Ian Crawford

Personal information
- Full name: Ian Cunningham Crawford
- Born: 13 September 1954 (age 71) Bristol, England
- Batting: Right-handed
- Bowling: Right-arm off break

Domestic team information
- 1975–1978: Gloucestershire

Career statistics
| Competition | First-class | List A |
| Matches | 5 | 2 |
| Runs scored | 104 | 0 |
| Batting average | 14.85 | 0.00 |
| 100s/50s | 0/1 | 0/0 |
| Top score | 73 | 0 |
| Balls bowled | 294 | – |
| Wickets | 3 | – |
| Bowling average | 58.00 | – |
| 5 wickets in innings | 0 | – |
| 10 wickets in match | 0 | – |
| Best bowling | 1/18 | – |
| Catches/stumpings | 5/– | 1/– |
- Source: Cricinfo, 30 July 2011

= Ian Crawford (cricketer) =

English cricketer

Ian Cunningham Crawford (born 13 September 1954) is a former English cricketer. Crawford was a right-handed batsman who bowled right-arm off break. He was born in Bristol.

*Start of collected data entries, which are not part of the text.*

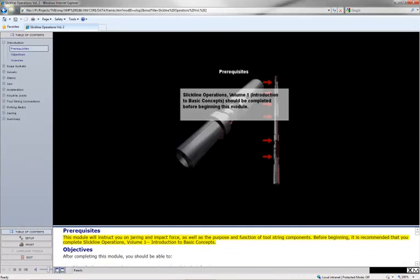This module will instruct you on jarring and impact force, as well as the purpose and function of tool string components.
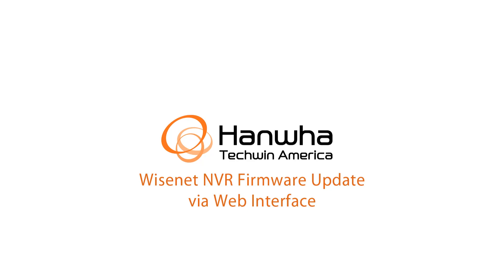In this video I'm going to show you how to update a Wisena NVR's firmware using the web interface.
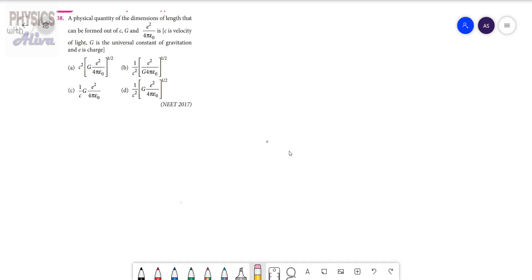Hello, today we are going to discuss a problem from the chapter Unit and Dimension. First, read the problem: a physical quantity of the dimensions of length that can be formed out of C, G, and E squared by 4 pi epsilon naught is — where C is the velocity of light, G is the universal constant of gravitation, and E is charge. Now we are going to solve the problem.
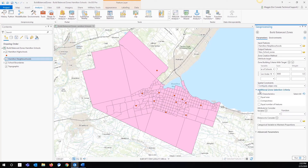Finally, we're going to add an additional zones selection criteria, which is compactness. What this means is it's going to give us the most compact areas possible when considering the different outputs. This is ideal for school zones as the students likely will be walking or taking transit to school, and we want to make sure that they have as easy as possible access to their school by having a smaller area that they have to travel.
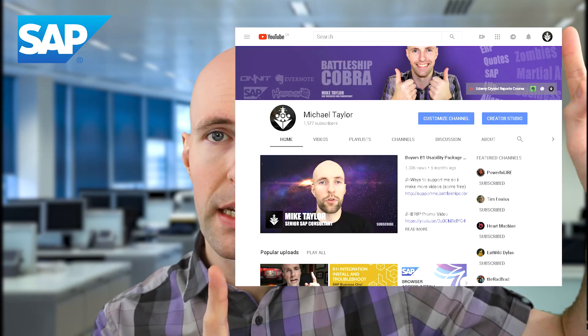I also have a YouTube channel at BattleshipCobra.com about SAP Business One. I've been working with SAP Business One for nearly 10 years now with a gold level partner in Canada, so I know what I'm talking about. I have lots of experience and I love teaching and training people.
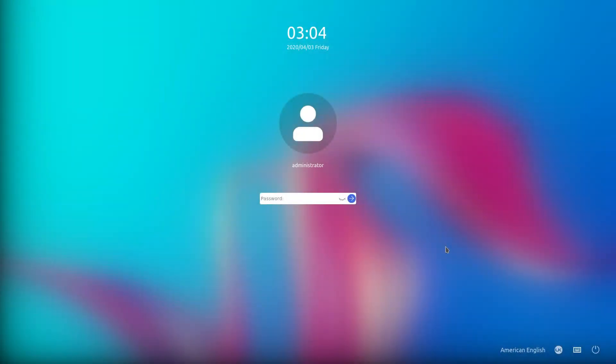Today we are looking at Ubuntu Kylen 20.04 beta. It comes with a brand new desktop environment and we will look at some of its features, the general facts and some of the cons as well. Let's go!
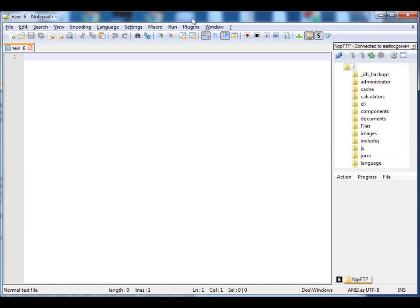Hello. I'm going to show you today one of my favorite text editors, Notepad++. It has some really cool features. There are about three or four features that I'm going to show you that are just essential, and it's going to really cut down your coding time and make things a lot easier for you.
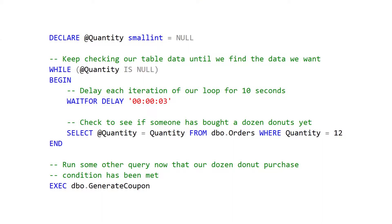In this example that I'm showing on the screen, I want to check to see if anyone has purchased a dozen donuts so that I can send them a coupon code. The way I do that is I have my while loop with a statement that checks to see if a dozen donuts have been purchased yet. And if they have, it sets a success variable that allows me to exit my while loop and then run whatever procedure I want after that.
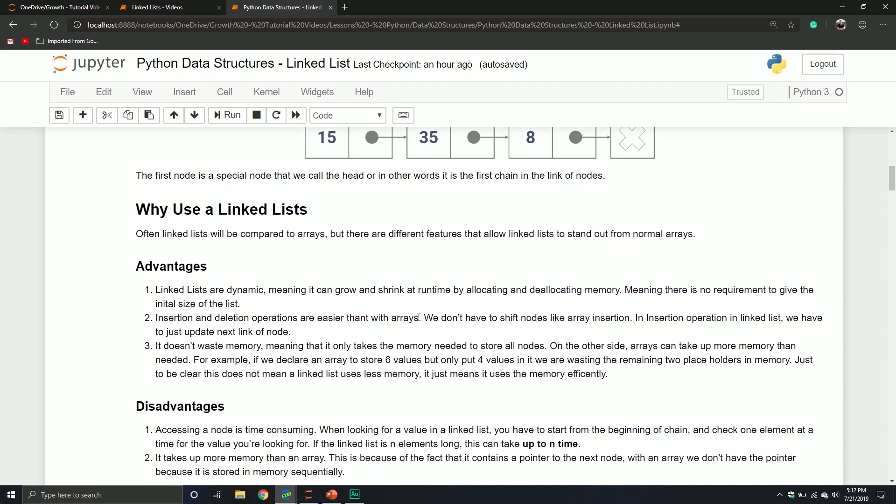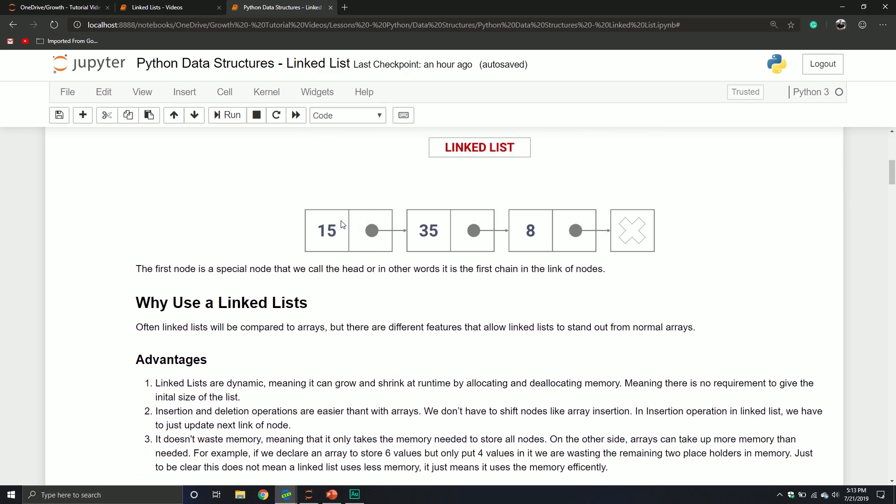Another advantage is it doesn't really waste memory, meaning it only takes the memory needed to store all the nodes. On the other side, arrays can take up more memory than needed — for example, if we declare an array to store six values but only put four in it, we're wasting those two other placeholders. Just to be clear though, that doesn't mean a linked list uses less memory. It just means it uses memory more efficiently. With a linked list it actually takes up more memory because we have two different components to store in memory — a value and a pointer. It's not necessarily using less memory; it's just using that memory more efficiently.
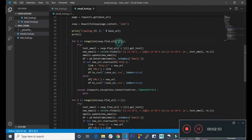Down here we are looping through all the p-tags inside the current URL. We did a try block to handle any errors. We created the variable text_email and assigned soup.find_all to it, so we are checking for all the p-tags inside the URL, then getting all the text that is inside the p-tag.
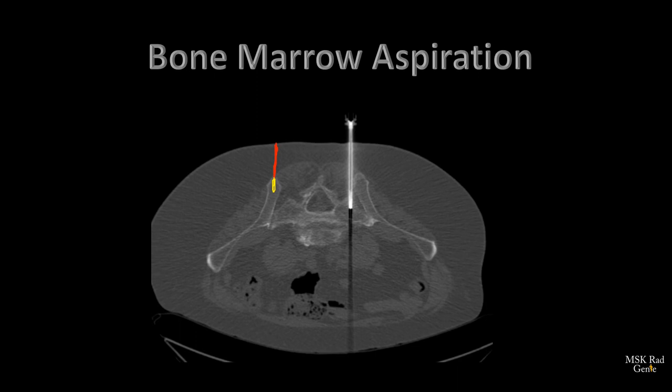Some techs will ask you to aspirate into heparinized syringes — putting a little heparin in the syringe — some may not, depending on protocol. After all aspirations are done, go in about two centimeters if the bone is not sclerotic, take the needle out, give that core sample to the tech, and that's all you do for a bone marrow aspiration.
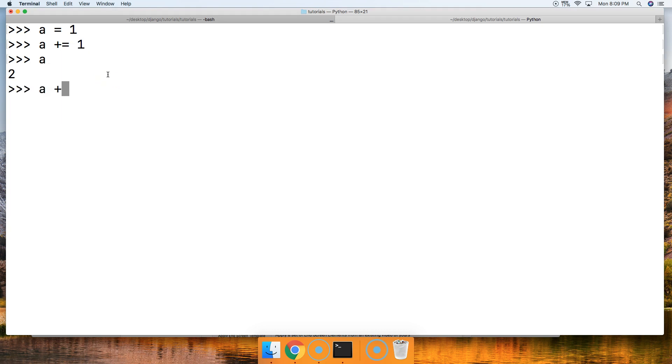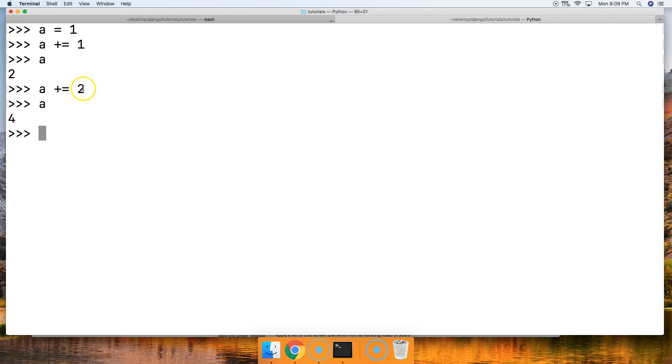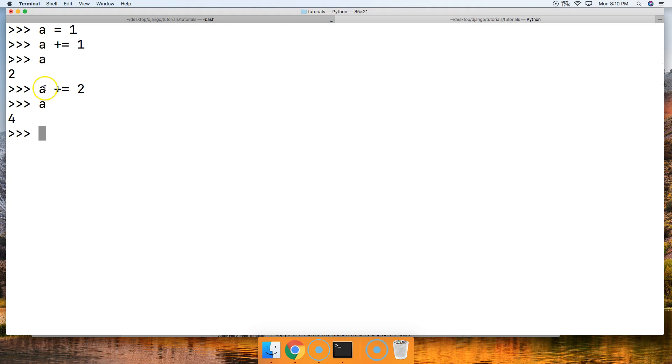Now we can do this again, a plus equals 2. Now we call a, we got 4. So basically what is happening is we're taking the value that a represents, which is in this case 2, up here, 2. Then we're doing an addition, and then an assignment, and we're adding 2 to it. So we're adding 2, so our new number is 4, and then we're assigning a to represent 4.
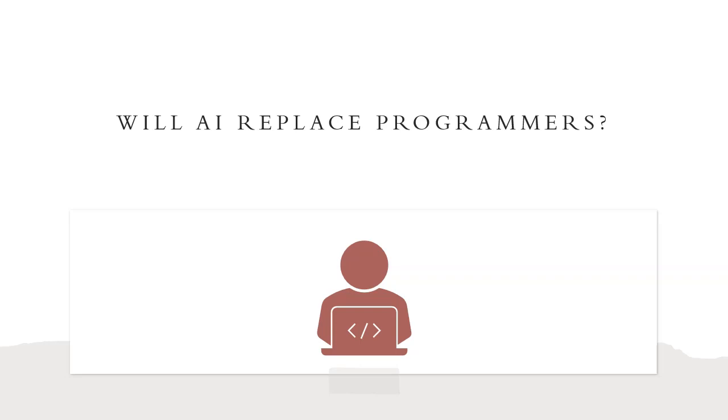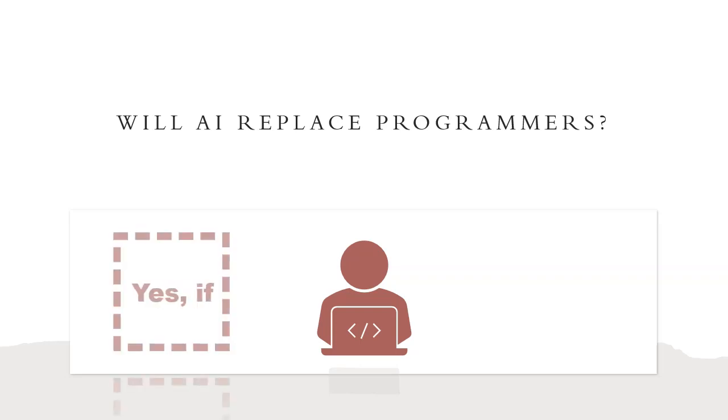So will AI replace programmers? I think yes, if there really are programming jobs that can be completed by only searching and copying code found online, then those jobs face a risk of disappearing due to automation and advances in the field of artificial intelligence.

Crawford made his first-class debut for Gloucestershire against Glamorgan in the 1975 County Championship. He made 4 further first-class appearances, the last of which came against the touring New Zealanders in 1978. In his 5 first-class matches, he scored 104 runs at an average of 14.85, with a high score of 73. This score came against Oxford University in 1978. With the ball, he took 3 wickets at a bowling average of 58.00, with best figures of 1/18. He made his List A debut in the 1978 John Player League against Derbyshire. He made a further List A appearance against the same opposition later that season in the Benson & Hedges Cup. He batted once in this format and was dismissed for a duck in this only innings.